Data provided:
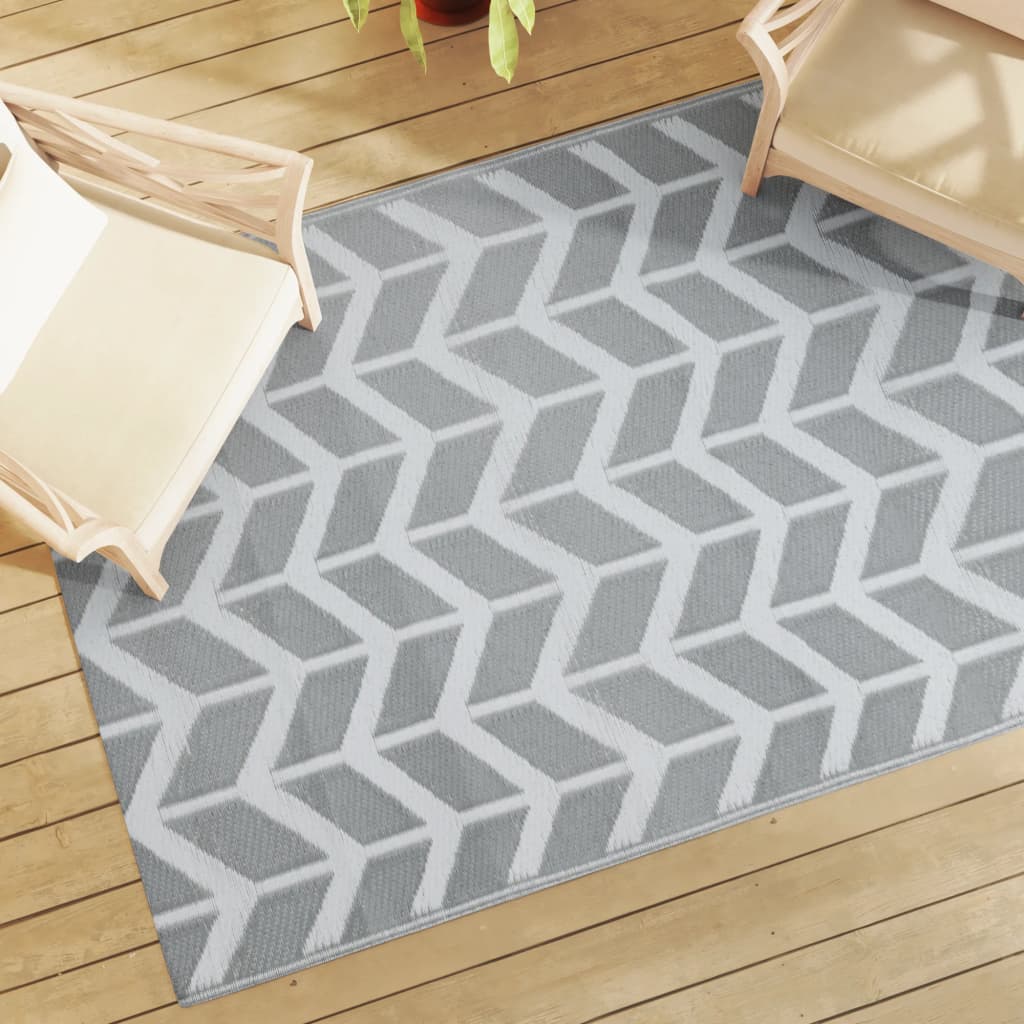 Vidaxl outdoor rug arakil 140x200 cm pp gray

--

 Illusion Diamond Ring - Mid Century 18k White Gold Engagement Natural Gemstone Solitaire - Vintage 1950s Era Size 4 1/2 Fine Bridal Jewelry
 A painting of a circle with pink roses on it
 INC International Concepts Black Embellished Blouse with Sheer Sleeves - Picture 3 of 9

What you need to do: Using the records above, set down exactly the lines from the one with "A painting of a circle with pink roses on it" through the one with "INC International Concepts", inclusive, and nothing more.

Expected answer:
 A painting of a circle with pink roses on it
 INC International Concepts Black Embellished Blouse with Sheer Sleeves - Picture 3 of 9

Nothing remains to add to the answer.